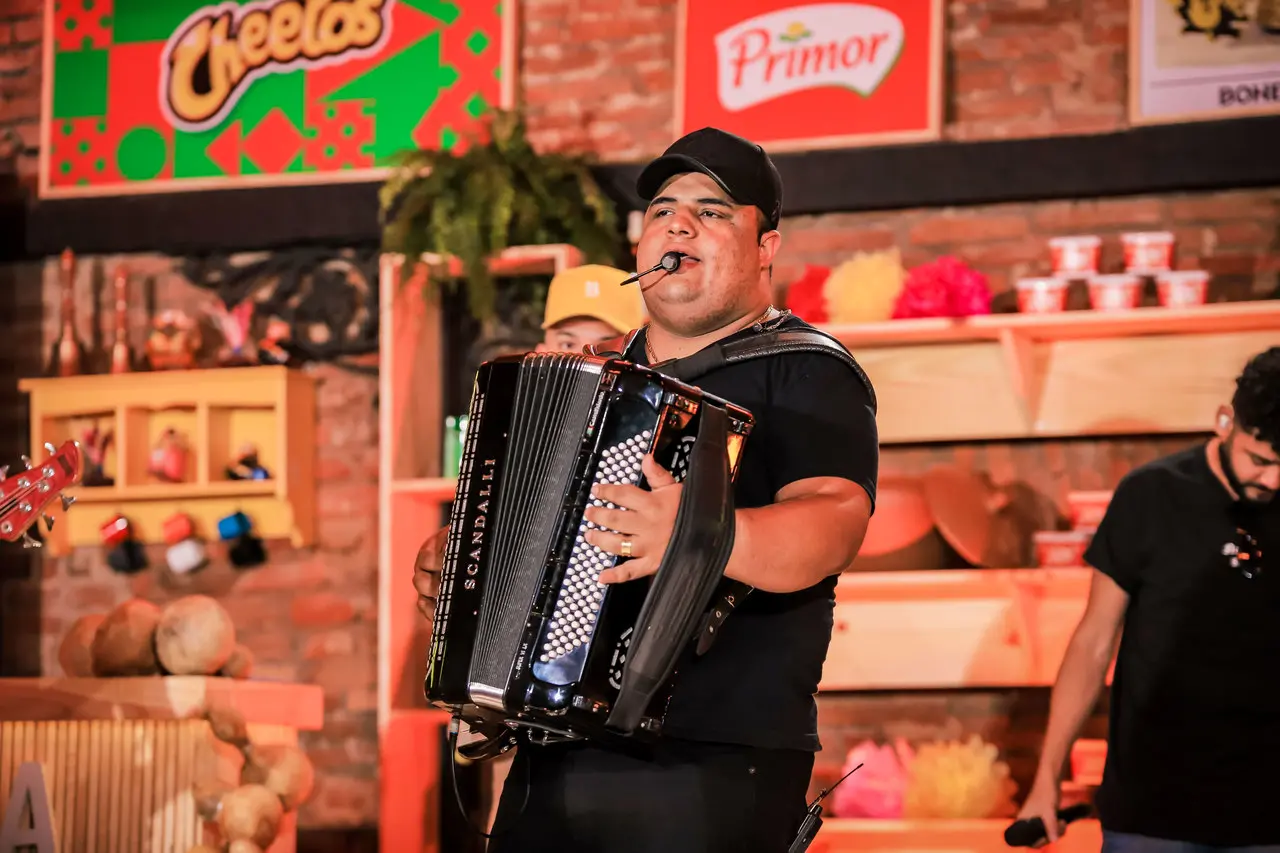 Tarcísio do Acordeon ganhou o mercado musical com músicas como 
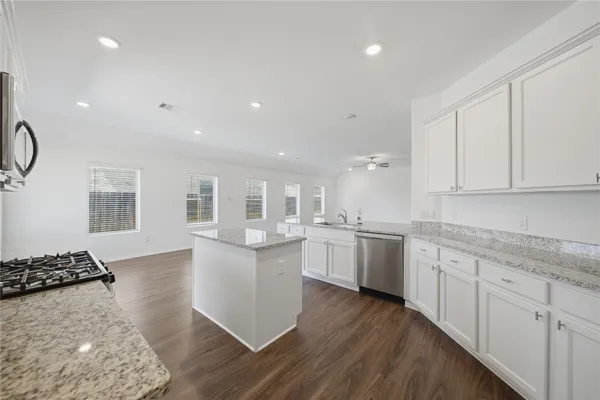 $2,500 | 14226 Overbrook Willow Way, Rosharon, TX 77583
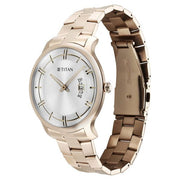 Titan 90170WM01 watch, angled view of the case and bracelet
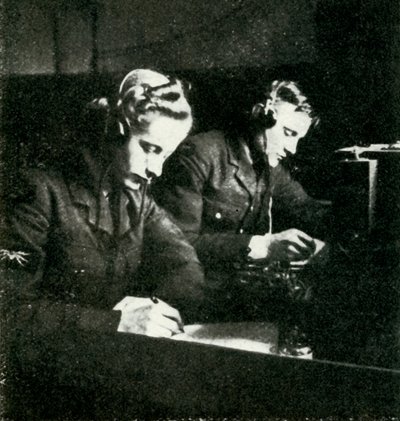 On Signals Duty, c1943. alkotó: Cecil Beaton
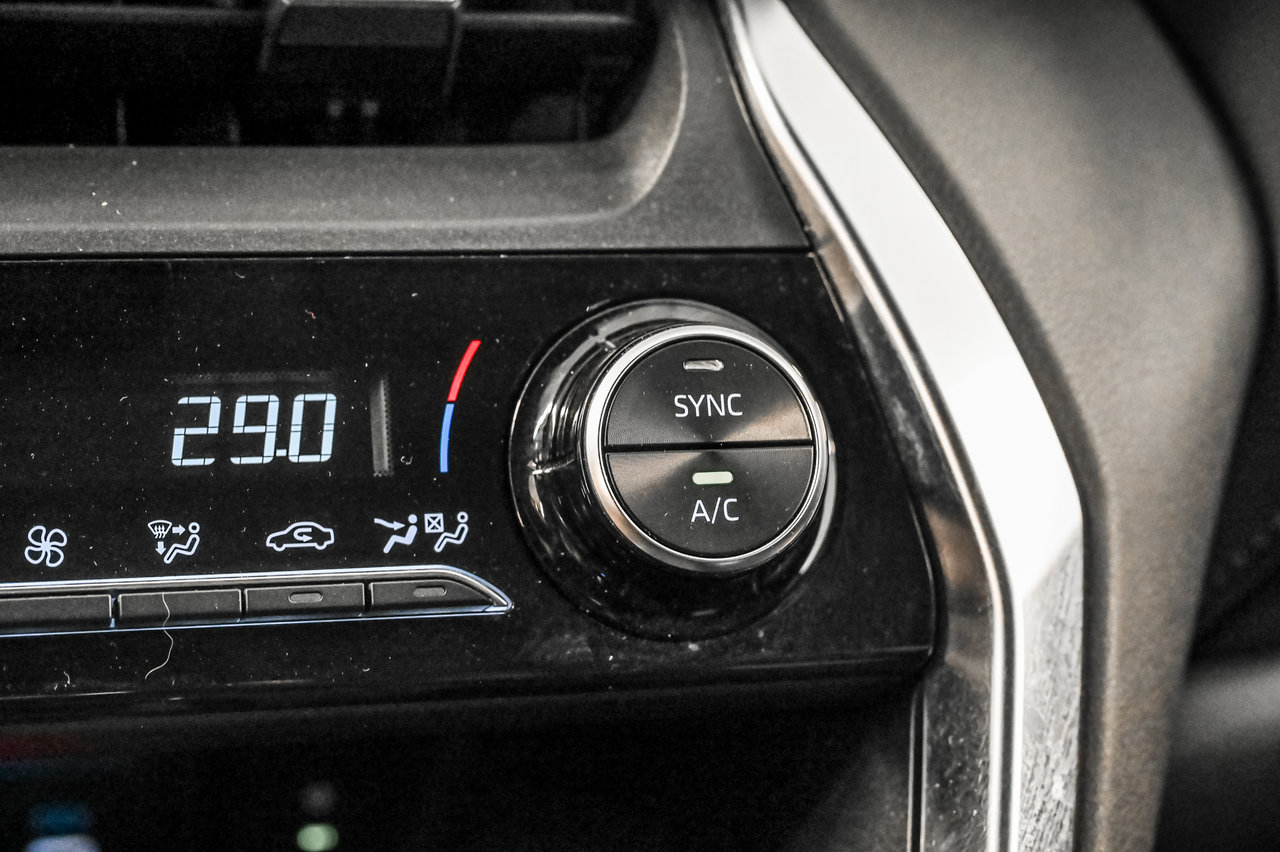 Toyota Venza LE 2024-18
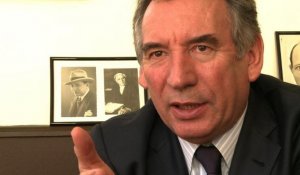 Municipales: Bayrou tente de conquérir Pau pour la 3e fois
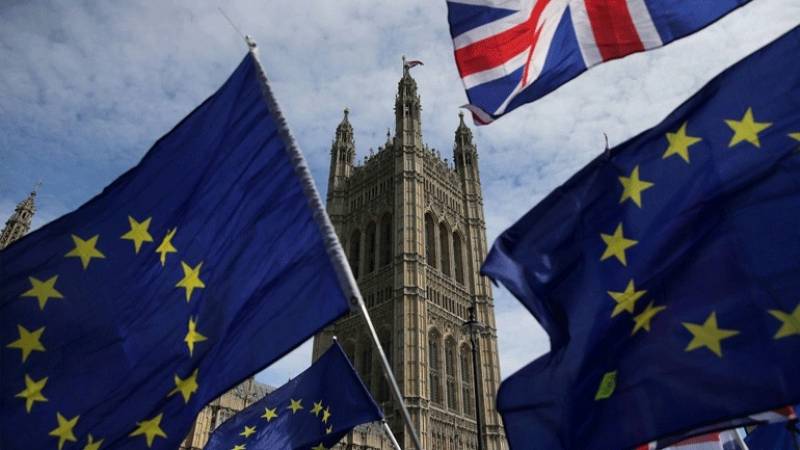 Έκτακτο υπουργικό συμβούλιο και συζήτηση για το Brexit στη Βουλή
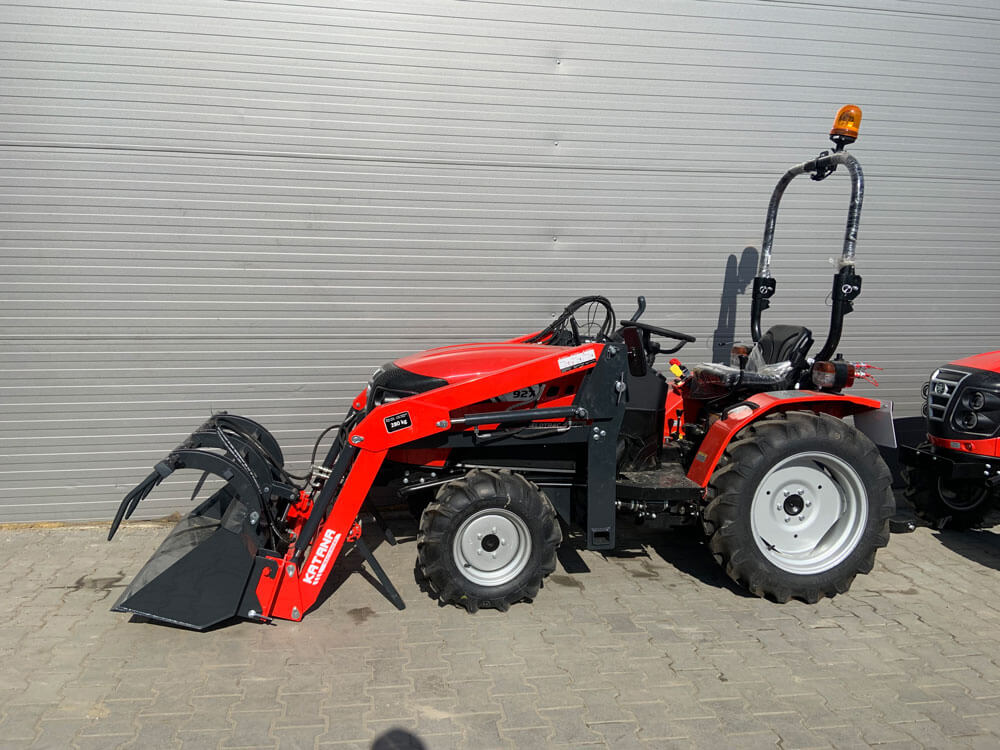 Mini Traktorek z Ładowaczem Czołowym VST Fieldtrac 927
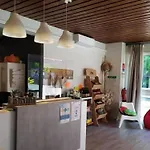 Mobil-home A Avec Terrasse Et Cuisine Equipee - Api-1-52-903 *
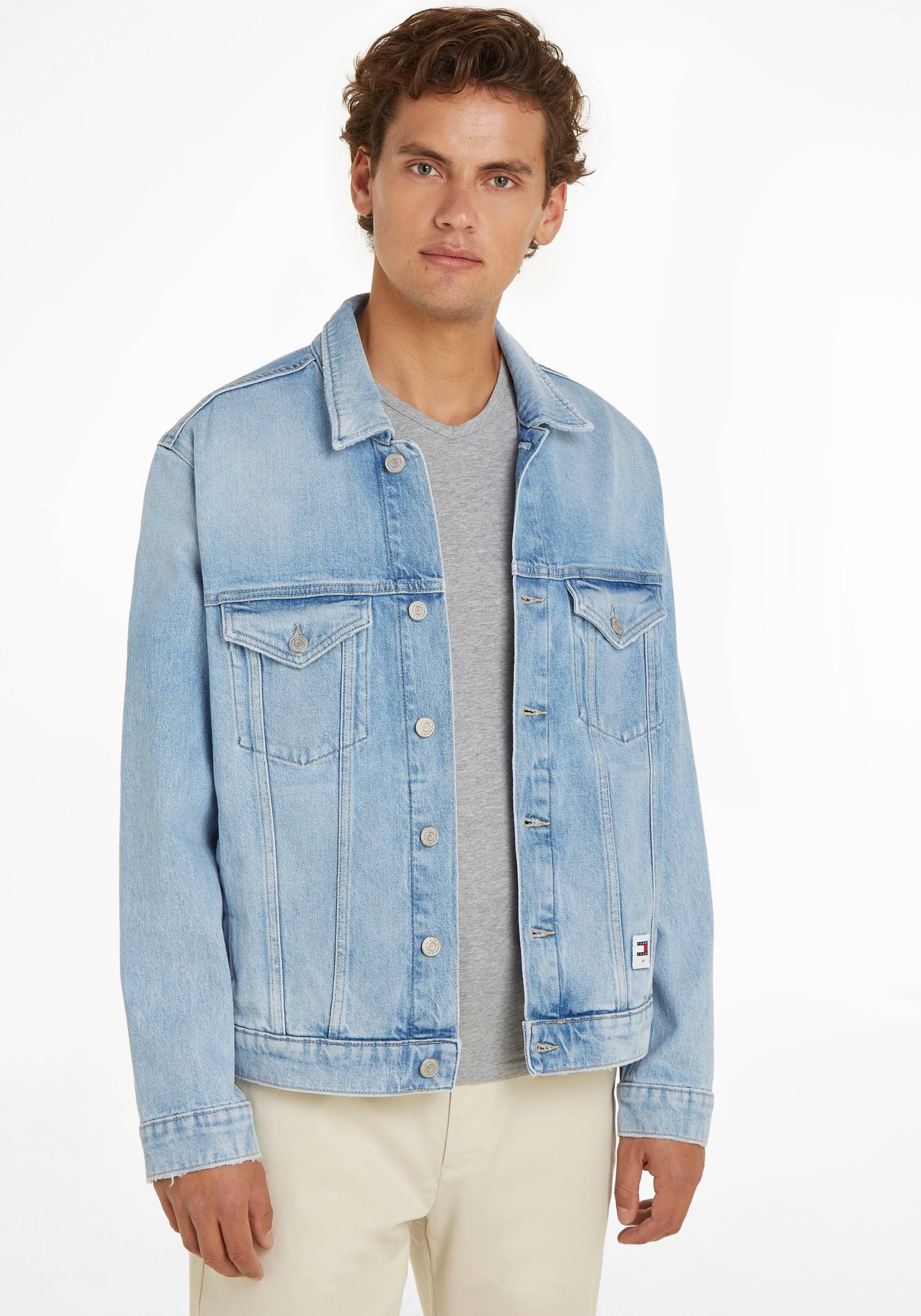 Tommy Jeans Plus Jeansjacke »RYAN RGLR TRCKR JCKT«, Grosse Grössen, mit Fade-Effekte Tommy Jeans Plus Jeansjacke »RYAN RGLR TRCKR JCKT«, Grosse Grössen, mit Fade-Effekte von TOMMY JEANS Plus
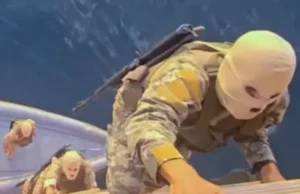 Iran zaplijenio dva broda u Hormuzu, objavljena snimka (VIDEO)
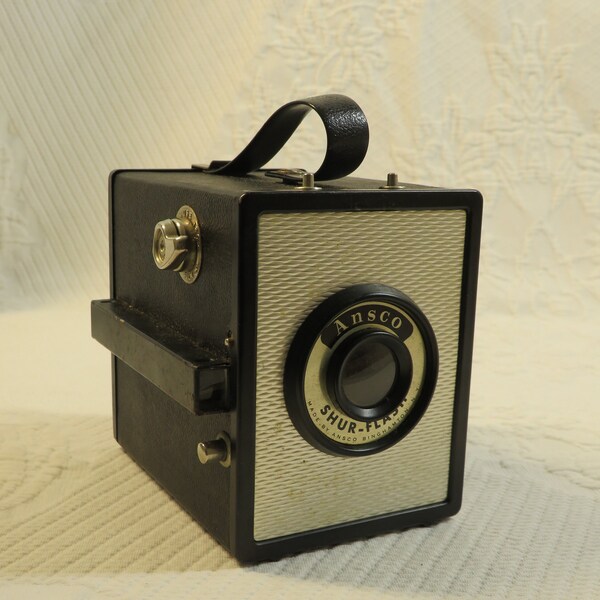 Camera Ansco Shur - Flash Model Vintage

* [WHAT THE TASK ASKS]: "Municipales: Bayrou tente" marks the first line to copy, and "Mobil-home A Avec" marks the last. Repeat that stretch above exactly, with no pictures.

* [RESPONSE]:
 Municipales: Bayrou tente de conquérir Pau pour la 3e fois
 Έκτακτο υπουργικό συμβούλιο και συζήτηση για το Brexit στη Βουλή
 Mini Traktorek z Ładowaczem Czołowym VST Fieldtrac 927
 Mobil-home A Avec Terrasse Et Cuisine Equipee - Api-1-52-903 *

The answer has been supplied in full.